:: Material to process ::

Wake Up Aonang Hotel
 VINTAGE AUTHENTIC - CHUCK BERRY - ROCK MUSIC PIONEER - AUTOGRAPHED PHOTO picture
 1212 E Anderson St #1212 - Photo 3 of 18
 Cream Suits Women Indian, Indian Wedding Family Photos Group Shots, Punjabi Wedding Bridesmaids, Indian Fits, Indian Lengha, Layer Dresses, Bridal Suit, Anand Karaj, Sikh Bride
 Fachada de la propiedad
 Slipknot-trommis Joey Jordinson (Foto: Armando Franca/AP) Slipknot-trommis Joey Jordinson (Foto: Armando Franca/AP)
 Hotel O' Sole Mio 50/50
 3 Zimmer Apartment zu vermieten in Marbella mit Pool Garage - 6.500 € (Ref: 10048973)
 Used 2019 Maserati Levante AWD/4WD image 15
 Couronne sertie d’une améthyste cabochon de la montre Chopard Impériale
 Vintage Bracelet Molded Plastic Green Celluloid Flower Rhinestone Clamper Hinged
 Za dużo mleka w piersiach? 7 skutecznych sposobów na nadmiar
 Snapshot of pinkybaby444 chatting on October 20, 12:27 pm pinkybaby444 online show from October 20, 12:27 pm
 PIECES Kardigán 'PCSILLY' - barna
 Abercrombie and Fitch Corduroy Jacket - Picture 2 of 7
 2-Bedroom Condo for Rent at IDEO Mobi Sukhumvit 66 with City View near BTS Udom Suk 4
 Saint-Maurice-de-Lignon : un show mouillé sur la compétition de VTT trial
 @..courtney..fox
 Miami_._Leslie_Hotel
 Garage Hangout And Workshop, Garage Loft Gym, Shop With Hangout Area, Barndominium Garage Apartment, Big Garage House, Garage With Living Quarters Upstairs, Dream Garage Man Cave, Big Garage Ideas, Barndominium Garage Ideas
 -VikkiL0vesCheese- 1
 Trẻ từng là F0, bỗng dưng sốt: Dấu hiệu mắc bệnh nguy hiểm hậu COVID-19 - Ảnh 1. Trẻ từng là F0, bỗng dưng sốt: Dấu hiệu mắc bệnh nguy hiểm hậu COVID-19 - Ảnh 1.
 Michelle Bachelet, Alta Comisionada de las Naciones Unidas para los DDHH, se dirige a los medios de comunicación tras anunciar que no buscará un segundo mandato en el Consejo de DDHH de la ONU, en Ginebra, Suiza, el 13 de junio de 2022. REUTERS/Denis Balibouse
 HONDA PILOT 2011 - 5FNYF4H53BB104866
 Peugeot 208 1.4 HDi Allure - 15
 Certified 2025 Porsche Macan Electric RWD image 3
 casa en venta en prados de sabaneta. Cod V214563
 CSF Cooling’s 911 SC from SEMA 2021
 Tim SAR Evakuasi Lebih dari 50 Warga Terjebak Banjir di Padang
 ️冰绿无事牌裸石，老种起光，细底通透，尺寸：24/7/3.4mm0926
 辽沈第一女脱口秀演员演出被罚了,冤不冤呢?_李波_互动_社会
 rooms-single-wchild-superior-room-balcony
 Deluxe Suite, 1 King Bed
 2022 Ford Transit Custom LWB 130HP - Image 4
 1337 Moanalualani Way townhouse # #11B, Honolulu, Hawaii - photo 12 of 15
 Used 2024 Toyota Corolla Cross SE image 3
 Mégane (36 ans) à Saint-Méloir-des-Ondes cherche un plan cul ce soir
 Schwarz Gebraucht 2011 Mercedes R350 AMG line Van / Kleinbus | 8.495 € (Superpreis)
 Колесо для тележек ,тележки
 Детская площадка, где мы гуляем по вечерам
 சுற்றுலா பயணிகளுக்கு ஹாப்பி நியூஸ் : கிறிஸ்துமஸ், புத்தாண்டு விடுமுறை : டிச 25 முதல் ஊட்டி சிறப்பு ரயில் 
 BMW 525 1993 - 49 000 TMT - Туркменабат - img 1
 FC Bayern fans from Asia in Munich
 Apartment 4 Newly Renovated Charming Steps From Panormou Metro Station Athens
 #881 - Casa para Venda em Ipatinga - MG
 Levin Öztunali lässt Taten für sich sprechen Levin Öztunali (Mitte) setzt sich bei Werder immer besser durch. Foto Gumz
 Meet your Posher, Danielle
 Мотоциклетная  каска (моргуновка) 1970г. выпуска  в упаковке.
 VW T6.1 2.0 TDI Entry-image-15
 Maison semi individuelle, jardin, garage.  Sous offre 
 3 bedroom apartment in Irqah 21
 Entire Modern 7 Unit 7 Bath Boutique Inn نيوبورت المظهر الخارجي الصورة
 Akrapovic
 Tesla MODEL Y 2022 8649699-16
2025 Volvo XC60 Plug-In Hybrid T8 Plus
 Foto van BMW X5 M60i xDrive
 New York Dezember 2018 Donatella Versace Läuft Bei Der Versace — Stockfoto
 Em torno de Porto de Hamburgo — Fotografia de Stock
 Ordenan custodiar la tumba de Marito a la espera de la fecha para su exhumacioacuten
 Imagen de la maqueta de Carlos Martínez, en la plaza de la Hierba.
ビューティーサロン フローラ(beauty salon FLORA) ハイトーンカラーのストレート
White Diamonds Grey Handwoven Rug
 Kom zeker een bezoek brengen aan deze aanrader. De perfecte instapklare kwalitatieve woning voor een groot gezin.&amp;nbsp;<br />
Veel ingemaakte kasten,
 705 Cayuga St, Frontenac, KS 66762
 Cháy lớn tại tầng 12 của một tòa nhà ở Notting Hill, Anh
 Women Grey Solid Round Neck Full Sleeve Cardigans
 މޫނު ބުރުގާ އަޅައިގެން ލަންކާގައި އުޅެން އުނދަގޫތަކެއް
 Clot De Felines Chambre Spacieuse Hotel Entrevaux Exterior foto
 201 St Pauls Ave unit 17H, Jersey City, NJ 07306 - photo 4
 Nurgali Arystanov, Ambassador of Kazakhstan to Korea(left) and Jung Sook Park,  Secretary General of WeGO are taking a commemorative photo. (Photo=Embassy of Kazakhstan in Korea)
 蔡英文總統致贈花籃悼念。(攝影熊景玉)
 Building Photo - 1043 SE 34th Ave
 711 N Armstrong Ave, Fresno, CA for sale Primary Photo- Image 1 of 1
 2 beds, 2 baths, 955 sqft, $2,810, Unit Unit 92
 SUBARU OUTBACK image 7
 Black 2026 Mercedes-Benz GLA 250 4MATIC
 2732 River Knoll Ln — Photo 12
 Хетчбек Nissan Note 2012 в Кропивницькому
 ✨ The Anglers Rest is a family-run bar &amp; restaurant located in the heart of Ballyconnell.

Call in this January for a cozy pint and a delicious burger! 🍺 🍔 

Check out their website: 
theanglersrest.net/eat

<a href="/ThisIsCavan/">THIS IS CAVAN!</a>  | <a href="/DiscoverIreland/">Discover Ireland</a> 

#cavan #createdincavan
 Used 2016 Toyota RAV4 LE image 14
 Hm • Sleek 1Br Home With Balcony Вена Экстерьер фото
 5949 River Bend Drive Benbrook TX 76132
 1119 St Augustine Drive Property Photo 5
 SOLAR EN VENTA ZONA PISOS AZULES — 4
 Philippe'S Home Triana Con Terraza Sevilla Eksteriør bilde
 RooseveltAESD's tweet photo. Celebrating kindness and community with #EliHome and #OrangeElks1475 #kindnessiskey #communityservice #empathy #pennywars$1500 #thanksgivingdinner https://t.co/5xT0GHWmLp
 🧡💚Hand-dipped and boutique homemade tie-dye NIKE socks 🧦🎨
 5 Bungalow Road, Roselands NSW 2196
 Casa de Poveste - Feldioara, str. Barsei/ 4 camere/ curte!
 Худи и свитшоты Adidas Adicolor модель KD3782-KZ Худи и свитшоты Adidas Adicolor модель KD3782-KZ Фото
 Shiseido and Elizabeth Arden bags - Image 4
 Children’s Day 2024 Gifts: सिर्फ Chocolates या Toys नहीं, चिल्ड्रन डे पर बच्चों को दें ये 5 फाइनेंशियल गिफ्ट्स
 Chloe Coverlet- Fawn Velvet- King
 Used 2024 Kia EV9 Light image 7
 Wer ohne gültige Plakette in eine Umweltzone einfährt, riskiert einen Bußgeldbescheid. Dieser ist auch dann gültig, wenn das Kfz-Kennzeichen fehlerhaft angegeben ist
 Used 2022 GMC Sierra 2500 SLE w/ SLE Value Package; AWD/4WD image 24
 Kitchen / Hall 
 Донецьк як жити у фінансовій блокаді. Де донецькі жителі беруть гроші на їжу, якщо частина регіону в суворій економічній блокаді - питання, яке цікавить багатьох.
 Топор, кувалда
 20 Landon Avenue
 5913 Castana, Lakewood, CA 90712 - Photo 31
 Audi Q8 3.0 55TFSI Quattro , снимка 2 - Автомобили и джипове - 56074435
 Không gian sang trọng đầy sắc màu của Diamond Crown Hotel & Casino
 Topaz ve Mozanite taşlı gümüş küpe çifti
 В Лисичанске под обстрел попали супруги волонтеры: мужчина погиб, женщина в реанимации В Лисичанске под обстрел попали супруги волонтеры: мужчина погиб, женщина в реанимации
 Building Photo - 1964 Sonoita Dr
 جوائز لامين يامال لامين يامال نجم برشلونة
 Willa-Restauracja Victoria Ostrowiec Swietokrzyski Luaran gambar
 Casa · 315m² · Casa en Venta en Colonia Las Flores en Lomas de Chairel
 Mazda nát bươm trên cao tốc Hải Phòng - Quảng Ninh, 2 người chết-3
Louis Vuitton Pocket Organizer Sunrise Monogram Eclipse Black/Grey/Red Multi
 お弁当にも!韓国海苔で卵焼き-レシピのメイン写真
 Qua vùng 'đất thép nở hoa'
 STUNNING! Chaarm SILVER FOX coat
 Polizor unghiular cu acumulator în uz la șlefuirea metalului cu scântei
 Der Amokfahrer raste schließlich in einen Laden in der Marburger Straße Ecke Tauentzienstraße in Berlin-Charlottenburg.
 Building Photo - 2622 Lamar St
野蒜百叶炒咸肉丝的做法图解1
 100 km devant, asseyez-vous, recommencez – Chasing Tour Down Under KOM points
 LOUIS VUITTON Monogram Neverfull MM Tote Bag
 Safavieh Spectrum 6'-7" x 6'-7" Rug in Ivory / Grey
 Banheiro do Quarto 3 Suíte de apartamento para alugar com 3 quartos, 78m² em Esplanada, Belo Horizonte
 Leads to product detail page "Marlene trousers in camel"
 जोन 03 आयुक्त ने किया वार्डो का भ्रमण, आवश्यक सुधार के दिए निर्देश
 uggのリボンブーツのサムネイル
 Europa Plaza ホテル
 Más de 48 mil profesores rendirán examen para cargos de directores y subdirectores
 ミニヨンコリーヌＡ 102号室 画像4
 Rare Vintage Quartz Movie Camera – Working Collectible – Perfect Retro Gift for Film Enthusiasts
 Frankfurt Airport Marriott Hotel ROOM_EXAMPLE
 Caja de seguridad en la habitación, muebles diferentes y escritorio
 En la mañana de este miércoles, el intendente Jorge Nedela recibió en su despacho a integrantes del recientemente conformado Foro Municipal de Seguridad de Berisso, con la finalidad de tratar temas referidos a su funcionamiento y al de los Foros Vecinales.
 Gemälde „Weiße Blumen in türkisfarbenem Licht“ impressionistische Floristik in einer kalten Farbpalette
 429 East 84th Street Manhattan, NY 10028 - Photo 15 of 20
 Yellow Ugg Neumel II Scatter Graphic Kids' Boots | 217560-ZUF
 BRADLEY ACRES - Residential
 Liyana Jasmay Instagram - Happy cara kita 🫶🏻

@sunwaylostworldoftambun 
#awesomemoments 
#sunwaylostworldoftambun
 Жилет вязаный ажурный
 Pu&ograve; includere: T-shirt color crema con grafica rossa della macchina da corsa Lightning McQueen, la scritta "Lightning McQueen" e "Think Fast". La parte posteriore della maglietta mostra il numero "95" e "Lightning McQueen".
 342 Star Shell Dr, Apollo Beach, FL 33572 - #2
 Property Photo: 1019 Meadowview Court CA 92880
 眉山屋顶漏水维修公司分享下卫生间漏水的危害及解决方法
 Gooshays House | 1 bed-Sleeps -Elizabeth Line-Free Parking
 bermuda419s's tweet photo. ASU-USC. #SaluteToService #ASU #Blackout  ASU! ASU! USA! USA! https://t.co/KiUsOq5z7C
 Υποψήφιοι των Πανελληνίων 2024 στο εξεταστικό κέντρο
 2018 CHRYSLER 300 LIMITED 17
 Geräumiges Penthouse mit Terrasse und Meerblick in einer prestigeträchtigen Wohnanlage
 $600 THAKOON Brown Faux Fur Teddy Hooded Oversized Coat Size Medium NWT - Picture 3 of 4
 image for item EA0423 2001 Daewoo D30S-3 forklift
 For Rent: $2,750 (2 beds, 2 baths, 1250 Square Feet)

:::

Problem description:
In the entries above, the lines between the one holding "Ordenan custodiar la" and the one holding "NIKE socks 🧦🎨", inclusive, are to be printed exactly as written, and those alone.

Exercise result:
 Ordenan custodiar la tumba de Marito a la espera de la fecha para su exhumacioacuten
 Imagen de la maqueta de Carlos Martínez, en la plaza de la Hierba.
ビューティーサロン フローラ(beauty salon FLORA) ハイトーンカラーのストレート
White Diamonds Grey Handwoven Rug
 Kom zeker een bezoek brengen aan deze aanrader. De perfecte instapklare kwalitatieve woning voor een groot gezin.&amp;nbsp;<br />
Veel ingemaakte kasten,
 705 Cayuga St, Frontenac, KS 66762
 Cháy lớn tại tầng 12 của một tòa nhà ở Notting Hill, Anh
 Women Grey Solid Round Neck Full Sleeve Cardigans
 މޫނު ބުރުގާ އަޅައިގެން ލަންކާގައި އުޅެން އުނދަގޫތަކެއް
 Clot De Felines Chambre Spacieuse Hotel Entrevaux Exterior foto
 201 St Pauls Ave unit 17H, Jersey City, NJ 07306 - photo 4
 Nurgali Arystanov, Ambassador of Kazakhstan to Korea(left) and Jung Sook Park,  Secretary General of WeGO are taking a commemorative photo. (Photo=Embassy of Kazakhstan in Korea)
 蔡英文總統致贈花籃悼念。(攝影熊景玉)
 Building Photo - 1043 SE 34th Ave
 711 N Armstrong Ave, Fresno, CA for sale Primary Photo- Image 1 of 1
 2 beds, 2 baths, 955 sqft, $2,810, Unit Unit 92
 SUBARU OUTBACK image 7
 Black 2026 Mercedes-Benz GLA 250 4MATIC
 2732 River Knoll Ln — Photo 12
 Хетчбек Nissan Note 2012 в Кропивницькому
 ✨ The Anglers Rest is a family-run bar &amp; restaurant located in the heart of Ballyconnell.

Call in this January for a cozy pint and a delicious burger! 🍺 🍔 

Check out their website: 
theanglersrest.net/eat

<a href="/ThisIsCavan/">THIS IS CAVAN!</a>  | <a href="/DiscoverIreland/">Discover Ireland</a> 

#cavan #createdincavan
 Used 2016 Toyota RAV4 LE image 14
 Hm • Sleek 1Br Home With Balcony Вена Экстерьер фото
 5949 River Bend Drive Benbrook TX 76132
 1119 St Augustine Drive Property Photo 5
 SOLAR EN VENTA ZONA PISOS AZULES — 4
 Philippe'S Home Triana Con Terraza Sevilla Eksteriør bilde
 RooseveltAESD's tweet photo. Celebrating kindness and community with #EliHome and #OrangeElks1475 #kindnessiskey #communityservice #empathy #pennywars$1500 #thanksgivingdinner https://t.co/5xT0GHWmLp
 🧡💚Hand-dipped and boutique homemade tie-dye NIKE socks 🧦🎨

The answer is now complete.